Yes, overclocking the PCIe frequency can potentially damage your system if done improperly or if the system isn’t adequately cooled.

Overclocking can cause the components to run hotter than normal, leading to thermal throttling, system instability, or even hardware damage.

To prevent damage, it’s important to monitor your system’s temperature and ensure that it’s within safe limits.

4. Does the optimal PCIe frequency depend on the type of CPU or graphics card that I’m using?

The optimal PCIe frequency depends on various factors, such as the CPU and graphics card’s capabilities, the motherboard’s chipset, and the cooling system’s efficiency.

Typically, the optimal frequency is between 100 and 150 MHz, but this can vary depending on the system’s configuration.

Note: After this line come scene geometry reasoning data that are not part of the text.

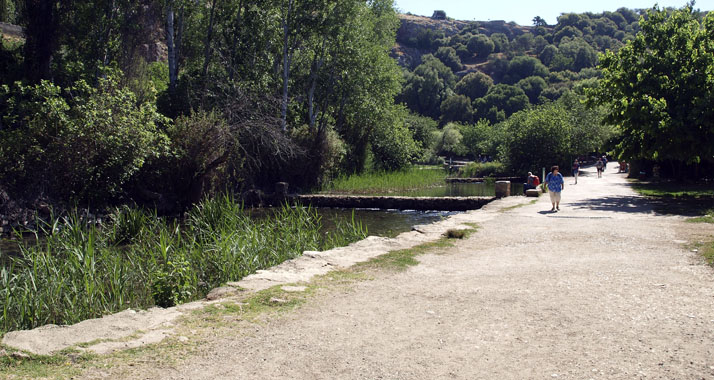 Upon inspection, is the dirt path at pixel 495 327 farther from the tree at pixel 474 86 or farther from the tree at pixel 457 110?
the tree at pixel 474 86

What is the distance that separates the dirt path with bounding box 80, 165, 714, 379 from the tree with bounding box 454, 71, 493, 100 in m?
146

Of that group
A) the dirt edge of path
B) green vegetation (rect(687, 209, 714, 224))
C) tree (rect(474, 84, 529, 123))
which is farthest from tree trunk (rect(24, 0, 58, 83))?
tree (rect(474, 84, 529, 123))

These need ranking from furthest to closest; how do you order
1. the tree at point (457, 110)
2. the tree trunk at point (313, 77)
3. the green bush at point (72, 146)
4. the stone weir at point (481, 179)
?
the tree at point (457, 110), the stone weir at point (481, 179), the tree trunk at point (313, 77), the green bush at point (72, 146)

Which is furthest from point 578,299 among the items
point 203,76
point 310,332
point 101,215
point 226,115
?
point 203,76

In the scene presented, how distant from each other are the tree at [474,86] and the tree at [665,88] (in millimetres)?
131426

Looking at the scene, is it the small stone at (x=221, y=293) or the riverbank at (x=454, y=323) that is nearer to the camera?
the riverbank at (x=454, y=323)

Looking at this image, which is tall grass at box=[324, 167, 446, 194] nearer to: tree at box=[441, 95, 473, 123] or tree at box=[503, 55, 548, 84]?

It’s important to research your specific hardware and consult the manufacturer’s documentation for guidance.

5. Are there any software tools or utilities that can help me overclock the PCIe frequency safely and efficiently?

Yes, there are several software tools and utilities available to help you overclock the PCIe frequency safely and efficiently.

These tools can monitor your system’s temperature, voltage, and frequency, and adjust the settings accordingly.

However, it’s crucial to use these tools with caution and to ensure that you’re familiar with the settings and potential risks.

Some popular tools include MSI Afterburner, EVGA Precision, and ASUS GPU Tweak.